И они, ещё раз обменявшись улыбками, разошлись. Миссис Энтони первая из соседей стала здороваться с ними и разговаривать о погоде. Сложив на террасе, которую они использовали как хозяйственную кладовку, лопату и метлу, Найджел вошёл в дом. И, поднимаясь по лестнице, почувствовал, что замёрз.
Роб и Мет уже сидели за столом. Найджел прямо на кухне вымыл под краном руки, вытер кухонным полотенцем и сел на своё место.
— Что так долго? — Метьюз оглядел полные миски.
— Неужто снегу так много? — удивился Роберт.
— Или замёрз, руки не гнулись? — поддержал его Метьюз.
— Ну, так мы теперь в куртку работать не будем. Пофорсить надо.
Найджел молча слушал эти подначки и подколки. Его дразнят форсом, Роба скупостью, Мета — заботой об остальных. Всё нормально, они втроём вместе. Всё выдержали, смогли, насмерть друг за друга стояли. И сейчас… что ни случись, он не один. И Роб. И мет. Их трое.
— Ты не заболел, Найдж?
В голосе Метьюза прозвучала уже настоящая тревога, и Найджел оторвался от каши.
— Нет, а что?
— А не отругиваешься, — ухмыльнулся Роберт.
Найджел улыбнулся.
— Так на правду знаешь, кто обижается? Я ж не такой, на вас не похож.
Роберт, а за ним и Метьюз с удовольствием расхохотались. Рассмеялся и Найджел.

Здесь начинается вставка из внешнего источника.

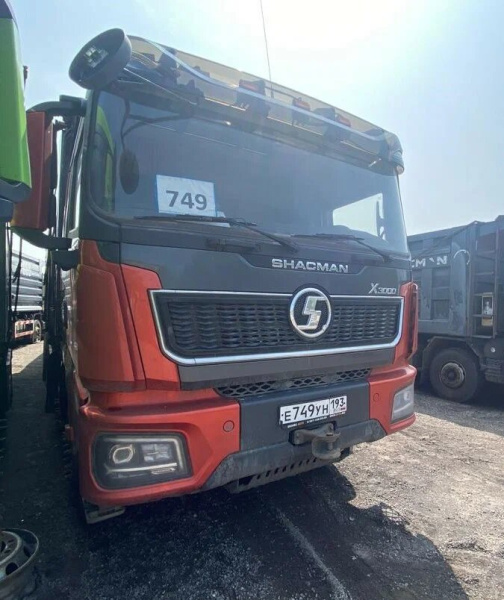 Shacman (Shaanxi) SX 8x4 Самосвал SX331863366 — Б/У, 2024 г.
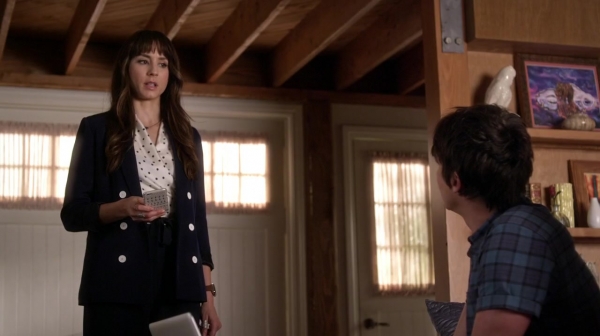 Pretty_Little_Liars_S06E15_Do_Not_Disturb_720p_WEB-DL_DD5_1_H_264-NTb_1400.jpg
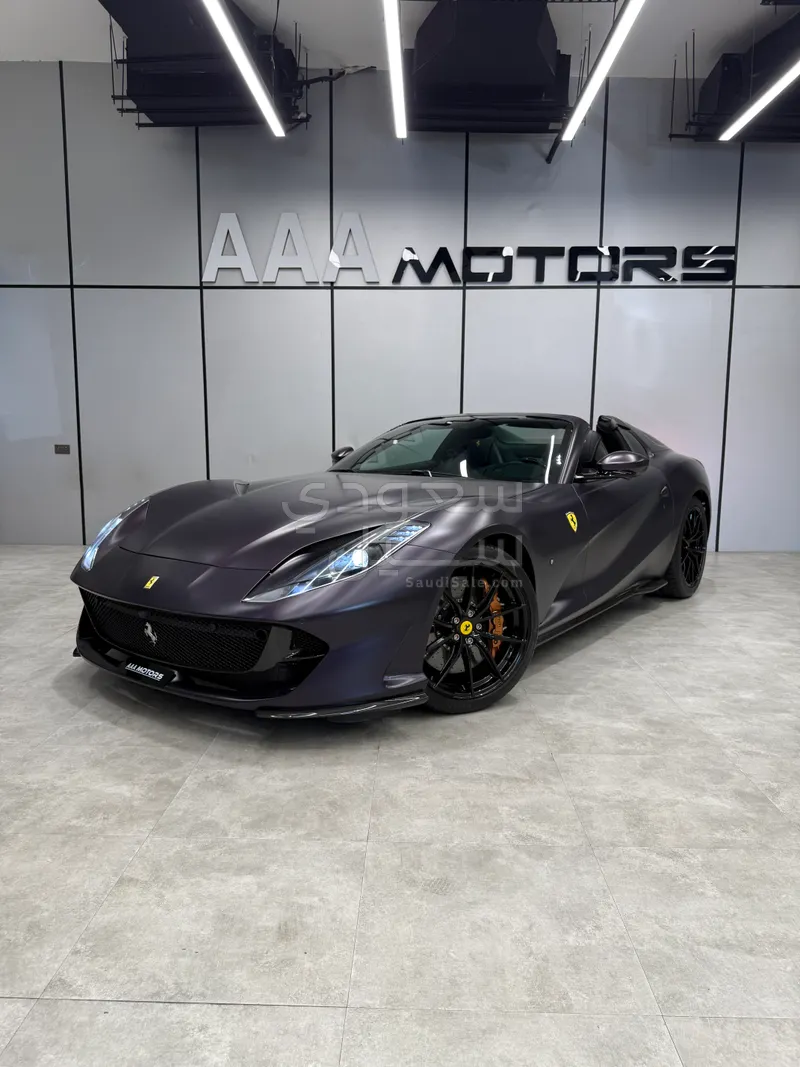 2022 فيراري 812 جي تي اس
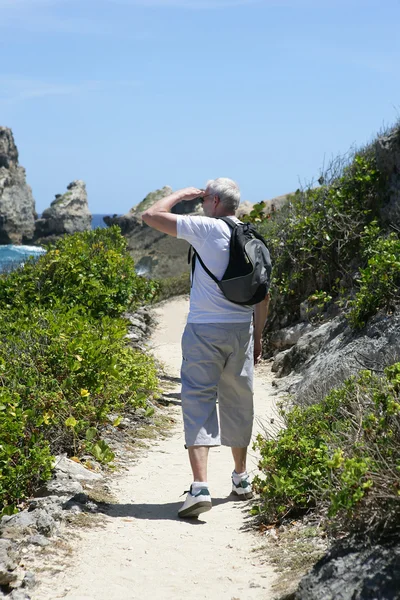 Hombre mayor usando prismáticos en la costa —  Fotos de Stock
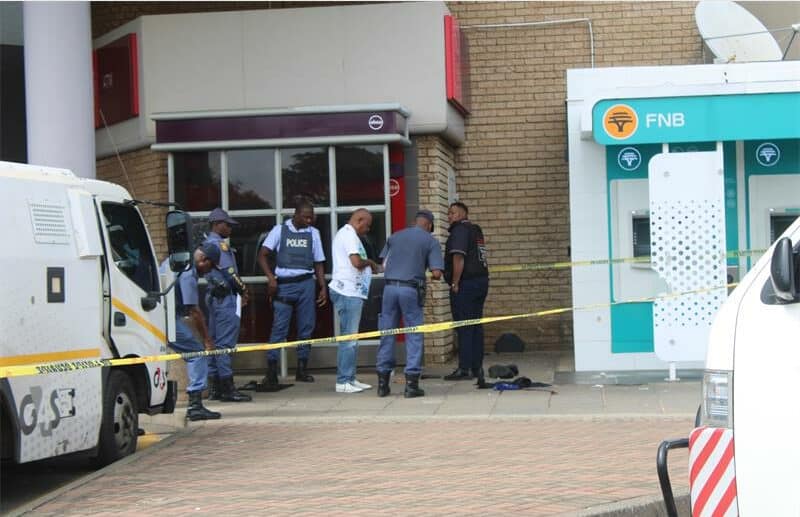 Bullets fly at Witpoortjie shopping centre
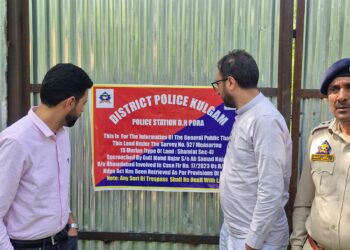 Kulgam Police Retrieves State Land Worth ₹12 Lacs from Drug Peddler in DH Pora Kulgam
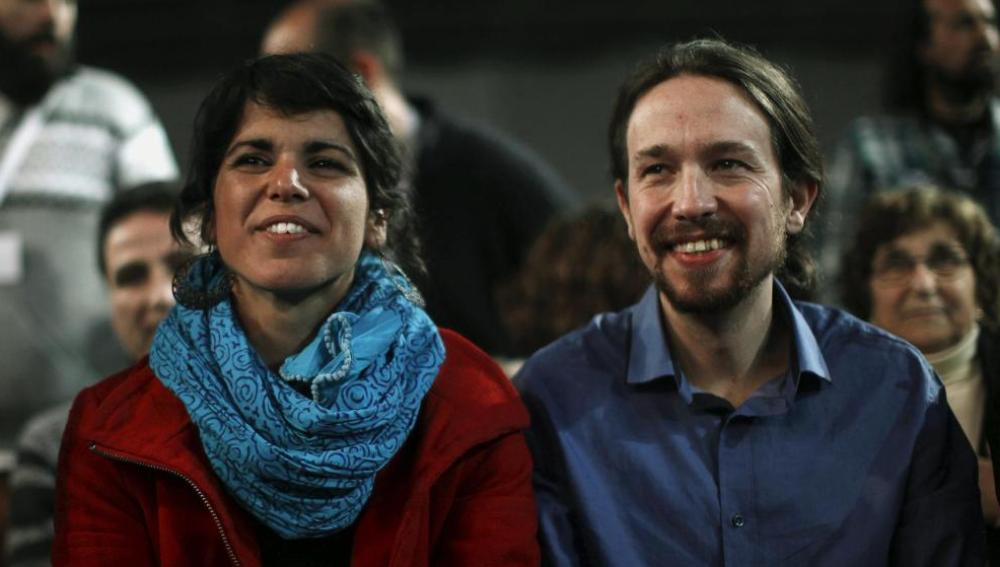 Teresa Rodríguez y Pablo Iglesias, sonrientes en una imagen de archivo.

— Ну вот, теперь, как обычно, — отсмеялся Метьюз. — А то сидишь такой тихий…
— Могу и побуянить, — предложил, поддерживая шутку, Найджел.
Они доели кашу и уже не спеша, в удовольствие, приступили к второй кружке кофе.
— Может, конфет купим? — предложил Метьюз.
— А чем тебя сахар не устраивает? — поинтересовался Роберт. — Или деньги руки жгут? Лучше уж из посуды чего прикупить.
— А с красивой тарелки и сорная каша вкуснее, — очень серьёзно кивнул Найджел.